Wanita itu bangkit dan meninggalkan luka memar di dagunya. Rasa malunya kini menggebu-gebu tak tertahan. Kini tangannya terayun dan tertuju pada pipi Della.

‘PLAK’ tangannya menyentuh pipi Della. Namun tangan Della segera mengambil tangan wanita yang ada pipinya dan memelintir tangan wanita itu ke belakang dan meninggalkan rasa sakit yang baru.

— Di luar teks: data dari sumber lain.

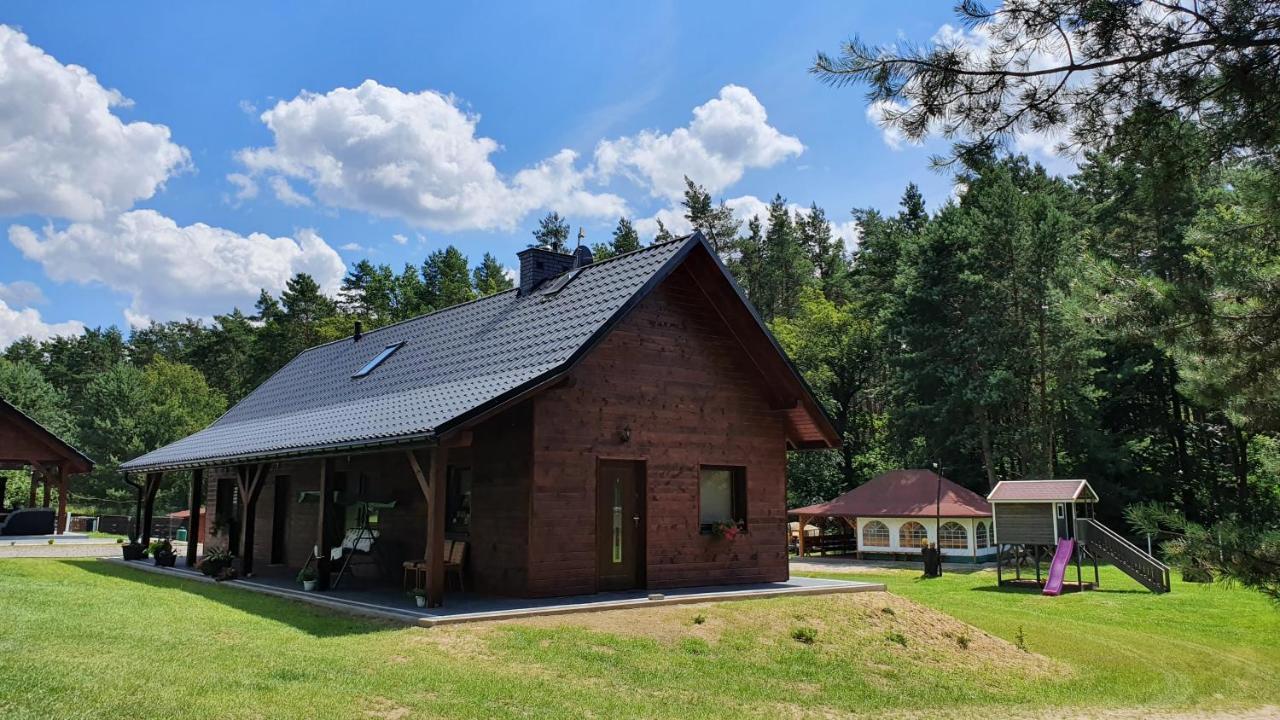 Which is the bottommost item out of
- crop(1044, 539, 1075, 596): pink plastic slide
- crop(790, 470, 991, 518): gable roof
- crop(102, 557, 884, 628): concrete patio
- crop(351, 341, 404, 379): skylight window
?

"DEL, HENTIKAN INI SEMUA!? Sarah nggak salah.” Ucap Rian sembari memasang tampang polos, seolah tak ada kesalahan yang ia perbuat. Tangannya terulur mengangkat tubuh Sarah yang tengah terjatuh.

“Apa ini mas? Kamu lebih memilihnya DIBANDING ISTRIMU SENDIRI?” nadanya mulai melengking.

“Maaf,” ucap Rian.

“Terserah kamu mas.” Langkah kaki Della melebar, ia berlari menjauh dari suaminya.

“DELLAAA!!” Rian berteriak mengejar istrinya yang sedari dulu tidak ia cintai.
Sepasang suami istri itu pergi. Para pengunjung yang melihat pertengkaran suami istri itu mulai kecewa. Dan kini mereka memilih untuk melanjutkan aktivitasnya.

Gadis itu terdiam, menangis di sudut ruangan. Mulutnya tak bisa berucap. Rasa sakitnya tak bisa ia gambarkan. Ia adalah Ara.

Ara kini berlari mengejar ibunya di Antara motor-motor yang terdiam sembari mengusap air matanya. Namun seketika kakinya terhenti. Mulutnya terbungkam. Tubuhnya mulai lunglai dan terjatuh. Ia tak sadarkan diri.

***

Matanya terbuka perlahan. ia merasakan ada yang berbeda dari tubuhnya. Tangan dan kakinya terasa sakit setiap ia menggerakan tubuhnya. Dengan cepat ia menyadari bahwa tangan dan kakinya tengah terikat. Tangan dan kakinya mulai bergerak, mencoba untuk melepas benda yang mengikatnya.

“hiks, to-tolong.” Rasanya Ara ingin menyerah, tangan dan kakinya terlalu sakit untuk digerakkan.

Ara mencoba melihat sekeliling, mencari benda tajam untuk melepas ikatannya. Ara mencoba fokus ke satu benda. Ah benar, ada cutter di sana. Pinggulnya mulai bergerak ke samping. Tubuhnya mulai berpindah sedikit demi sedikit. Ia melawan  semua rasa sakit di tubuhnya.

“Ah, dikit lagiiiii.” Tangan Ara semakin dekat.

Namun ada suara yang terdengar di telinganya. Suara hentakkan kaki yang memecah keheningan. Tubuh Ara kini menjadi dingin. Ia takut. Di sisi lain ia masih mencoba untuk menggapai benda yang ia inginkan. Sialnya, ia sudah terlambat. Pintu terbuka perlahan.

“Hai,” ucap wanita itu sembari memasang tampang kejam.

“L-LOH KAMU?” Mata Ara kini membesar seolah tak percaya dengan apa yang dia lihat.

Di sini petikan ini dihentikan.